Bulls -- guys who have surpassed expectations:

Aubrey Huff has been phenomenal, hitting, slugging, and even playing adequate defense at both 1B and LF. Signed to a relatively cheap one-year deal, Huff was in the conversation for All-Star representation, has been one of the best free agent bargains in baseball this year and is a big reason the Giants are on the sunny side of .500.

Juan Uribe, though he has tailed off lately, he was an important spark plug who rose from "utility player without a position to call home" to "every day staple," first subbing for Freddy Sanchez until he got healthy, then slotting in for the alternately injured and ineffective Edgar Renteria. If there is a such thing as "clutch," Uribe seems to have the gift and he has certainly added much needed power to the Giants lineup.
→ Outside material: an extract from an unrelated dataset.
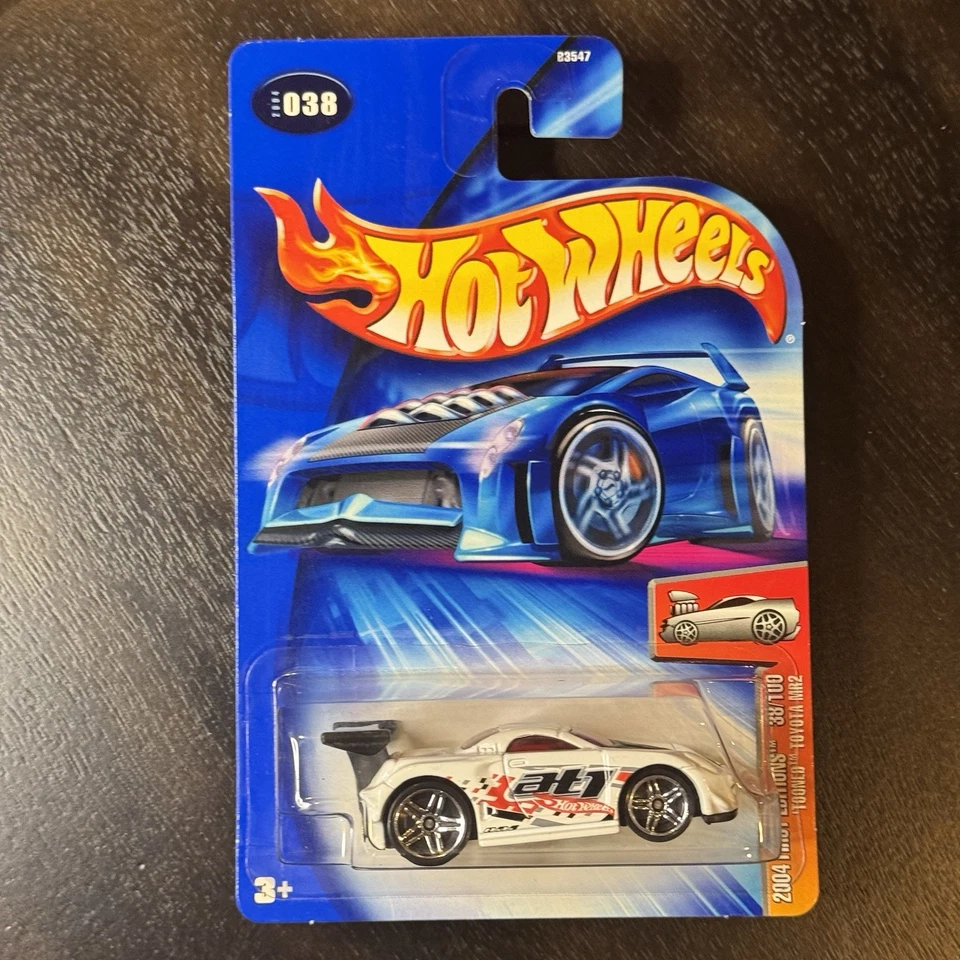 Toyota MR2 #038 HW 04 Primeras Ediciones 38/100 Blanco Hot Wheels Tooned Foto 2 de 4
Andres Torres has been fantastic, getting on base and flying around the bases, hitting for decent slugging with an assortment of doubles, triples, and home runs both inside the park and out. For a guy any team could have had cheap off the scrapheap two years ago, Torres has been a godsend at a premium position, CF, which he has played extremely well.

Bears -- guys who have not met expectations:

Tim Lincecum has hardly been "the problem," among the major league leaders in strikeouts and still a pitcher no team wants to face. But this year, for the first time in his career, Lincecum has been wobbly and not always in command. He has still been a very good pitcher, but not really a true "ace."
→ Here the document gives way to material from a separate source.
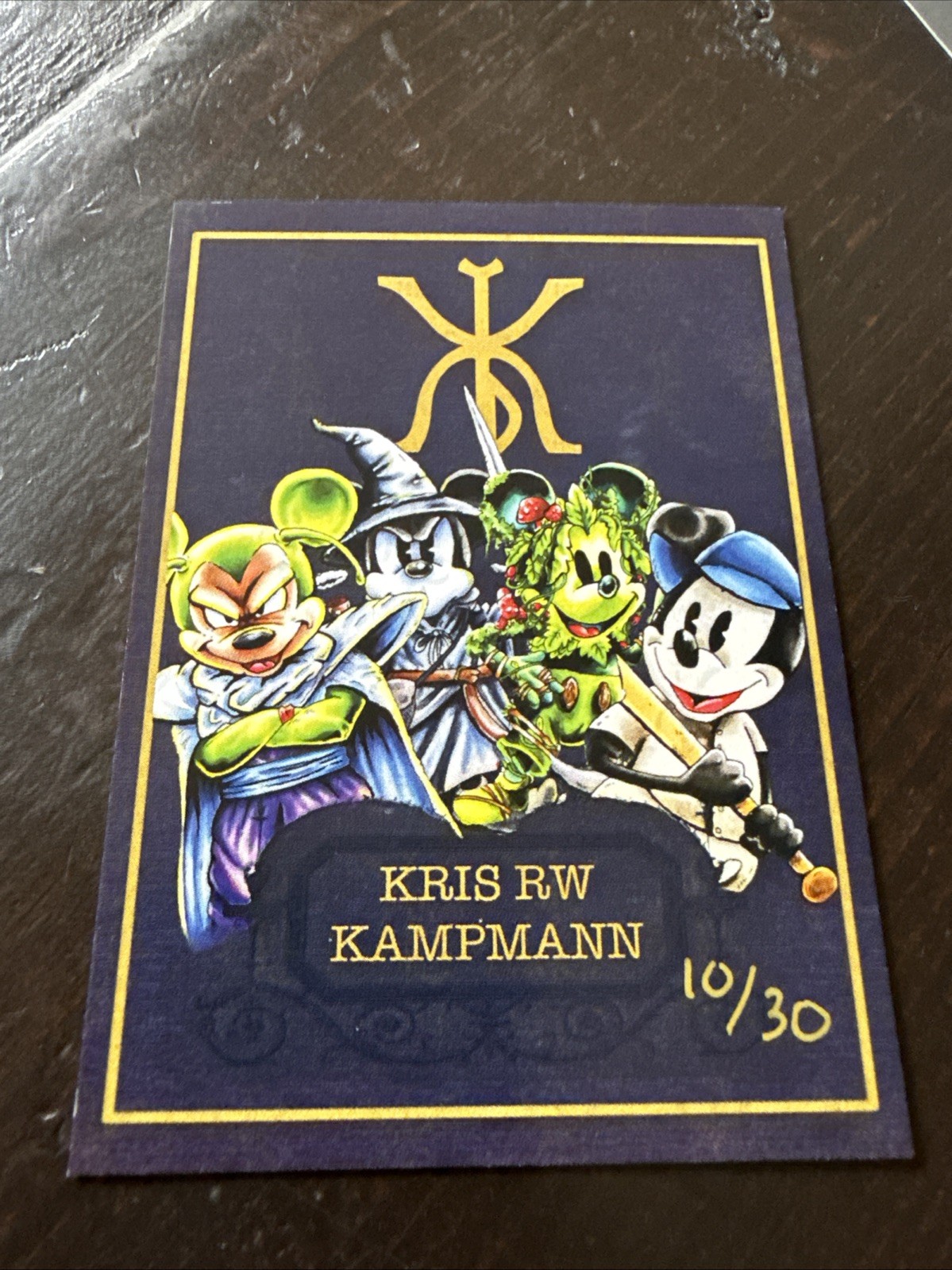 Kickstradomis Mousterpiece Kris Kampman 10/30 Autographed Trading Card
Pablo Sandoval continues to swing at everything, but when he is mostly missing it's not quite as charming. He looks lost at the plate and Bruce Bochy looks even more lost, bouncing him from the No. 3 spot to the No. 8 spot, and everywhere in between trying to find a place where Sandoval will take a pitch or two once in a while.

Aaron Rowand is now an expensive bench player, lacking Torres' plate discipline and consistency, and settling in as one of the biggest "albatrosses" on Brian Sabean's ledger.

Will the Giants compete for the NL West crown or the Wild Card in the season's second half? That probably depends mostly on whether the bears improve more than the bulls regress -- or vice versa.